Wireless data usage is increasing faster now than ever before. Smartphones and broadband-enabled portables, such as laptops or tablets, are now seeing high penetration in many markets, and the superior user experience offered by such devices has lead to exponential growth of mobile data traffic as shown in. The demand for mobile data services has been doubling every year, this can be met only by highly efficient and optimized mobile network infrastructures. Significant improvements are expected with the ongoing rollout of OFDMA based networks: IEEE 802.16x WiMAX and 3GPP LTE. These two standards, although they do not fulfill the requirements, are the first steps towards the 4th generation (4G) definition given by the ITU and targeting data rates of 1 Gbps in high-mobility applications and 100 Mbps for low-mobility applications such as nomadic/local wireless access. To meet these needs, advanced features are investigated for inclusion in future releases of these standards (WiMAX evolution and LTE Advanced). Among these various techniques, two promising
ones are currently being investigated by EU FP7 project SAMURAI, namely, carrier aggregation and MU-MIMO. The main objective of SAMURAI project is to investigate innovative techniques in the area of MU-MIMO and SA with focus on practical implementation and deployment aspects.

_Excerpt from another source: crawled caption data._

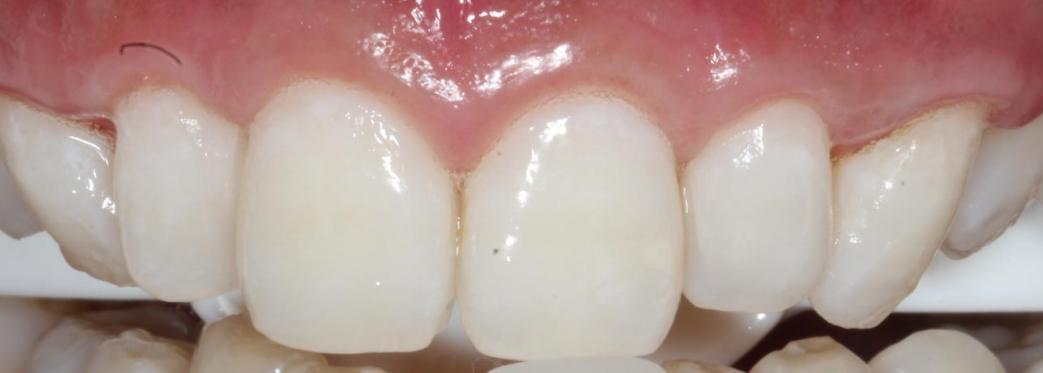 如何让牙齿变白最简单的方法,想要牙齿变白来试试这三种方法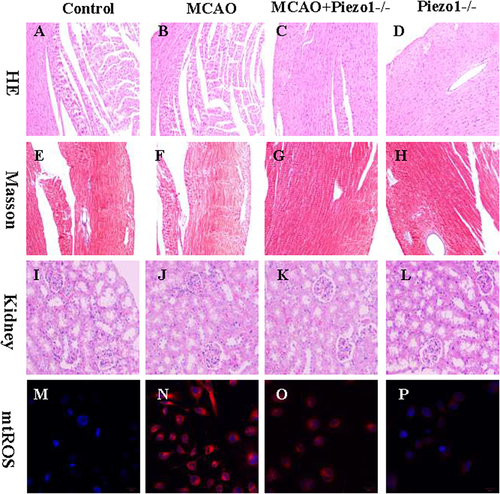 Figure 8 The knockout of Piezo1 did not induce noticeable damage to the target organs.Figures 8A-8D show the results of HE staining of myocardial tissue. Compared to the control group myocardium (A) MCAO may lead to myocardial fiber ruptures (B) while additional Piezo1 gene intervention did not affect the disrupted myocardial fiber structure (C and D). Figures 8E-8H show the results of Masson staining of heart tissue. Compared to the control group myocardium (E), MCAO may worsen myocardial cell fibrosis (F), while Piezo1 gene deletion intervention did not significantly improve the myocardial fibrosis condition (G and L). Figures 8I-8L demonstrate the results of HE staining for kidney tissue. Compared to the control group kidney tissue (I), the MCAO group kidney tissue did not show significant structural disruption (J), while Piezo1 gene deletion intervention did not exacerbate kidney damage (K and L). Figures 8M-8P illustrate the kidney oxidative stress situation. Compared to the control group (M) the MCAO group can cause an increase in kidney mtROS expression (N) and Piezo1 gene deletion intervention did not significantly improve the kidney oxidative stress situation (O and P).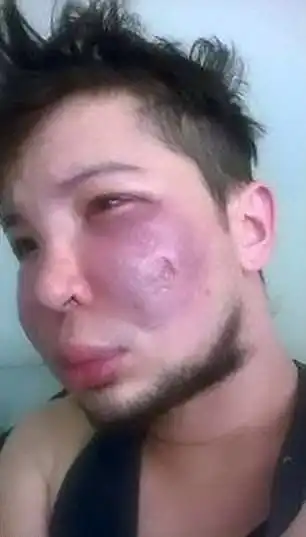 Лицо колумбийского модника после неудачной операции по увеличению щек
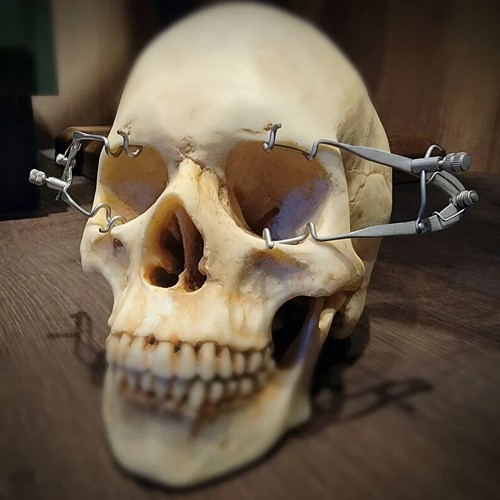 Eye speculum set vintage - x2,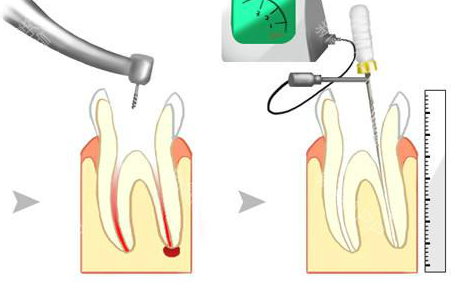 显微根管治疗技术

This thesis will include insights into the development of mobile communications systems, starting from analog implementations up to 3G systems used today. After a more detailed description of the LTE system, it describes the main characteristics including its radio access network physical
layer, and presents the transmission technology used in the OFDM. It mentions antenna diversity (MIMO) techniques and their possible use of LTE systems.
This work focuses on a different channel estimates, using PMI loss and CSI error at the receiver to simulate the effects of estimation error assuming the downlink transmission direction. The course is based on MATLAB 3GPP LTE „link level” simulator development, and is connected to the SAMURAI project organized by the European Union. The simulator is designed to model the LTE radio access network physical layer, and to determine the transmission characteristics in different circumstances, such as BER and BLER and transmission capacity.